Classmate and I were fairly well-matched, with Classmate being a better technical skier with more control and I being a scrappier faster skier with a higher tolerance for speed. Lee's work was to get Classmate to extend her "go" and me to extend my "scoop." The differences were probably reflective of our personalities. Trust me, you'd much rather encounter Classmate in an emergency room than me. But I'm probably more fun in a bar. That said, I really liked Classmate a lot. She was traveling by herself to attend this clinic in preparation for a European ski trip , but she happily and patiently merged into our group, even coming down the hall to our room one evening to hear Sophie practice her violin. I couldn't have asked for a better Classmate! And instructor Lee? I absolutely love her. Her other job is training ski instructors at Alpine Meadows, and I'll be checking in with her later in the season for a followup private lesson or two. We've got Dad signed up for a lesson with her the next time we're up.

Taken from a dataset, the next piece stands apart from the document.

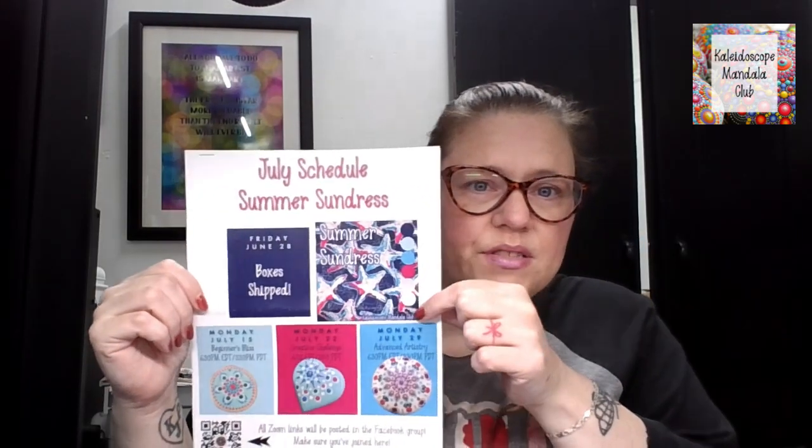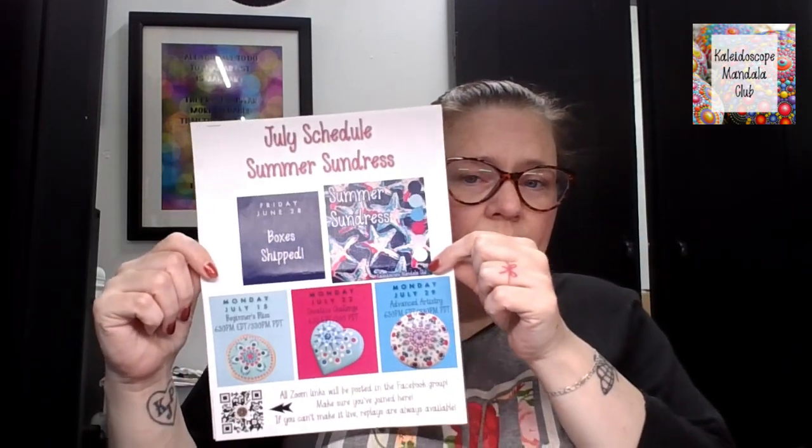Hey, Kaleidoscope Club! It's Tara Lynn. How are you? I just wanted to take a minute and go over the things that are included in the box this month. So you will see that our palette is Summer Sundress, which is a really pretty one, and I'm super excited about this. This is the one that the members voted on and chose last month.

The only regret was that the conditions were frozen enough that we didn't have as much opportunity to work off terrain. Some of the off piste softened up in the afternoon, but much of it stayed pretty solid. Skiing over it made a noise that really unnerved me, and I felt like the Grinch, lamenting "The noise! The noise!"
But in spite of the fact these were days more for this
rather than this
I did get in a little off piste work. Title this one "I fall down and go boom." Or, rather "Boom, sliiiiiiiide." Pictures taken by Dad, when he and Sophie met up with my class. My lovely instructor thinks my mental shift toward them distracted me and caused this event. That's me at the top.
And in the middle (click to enlarge).
And at the bottom.
But I was unhurt and on to ski another couple of great days, although I was seriously put to shame by this:
The Pink Rocket. Who checked into a ski class on the last day at Level 7/8
and skied with her instructor down the infamous KT-22
which was ungroomed at the top. Not a problem, she reported (I took a pass). But then she's a tough little nut, enough so that she didn't cry when she later fell with enough impact to bend a pole. In fact, she was pretty pleased about it.
I couldn't be more proud of her, but it does mean that one of my primary objectives for taking the NASTC clinic—to keep up with my daughter—is shot right in the butt. Oh well. Things could be worse.